#### [Data segment]

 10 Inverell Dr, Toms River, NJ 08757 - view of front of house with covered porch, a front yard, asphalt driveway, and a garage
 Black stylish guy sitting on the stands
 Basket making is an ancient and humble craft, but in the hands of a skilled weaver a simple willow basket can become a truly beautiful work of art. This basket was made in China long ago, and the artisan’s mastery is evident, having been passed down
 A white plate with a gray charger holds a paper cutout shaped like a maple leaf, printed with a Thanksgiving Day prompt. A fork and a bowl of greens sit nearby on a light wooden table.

#### [Task details]
Go to the line in the material above that contains "Black stylish guy sitting on the stands" and copy exactly from there through the line that contains "Basket making is", stopping after it.

#### [Task answer]
 Black stylish guy sitting on the stands
 Basket making is an ancient and humble craft, but in the hands of a skilled weaver a simple willow basket can become a truly beautiful work of art. This basket was made in China long ago, and the artisan’s mastery is evident, having been passed down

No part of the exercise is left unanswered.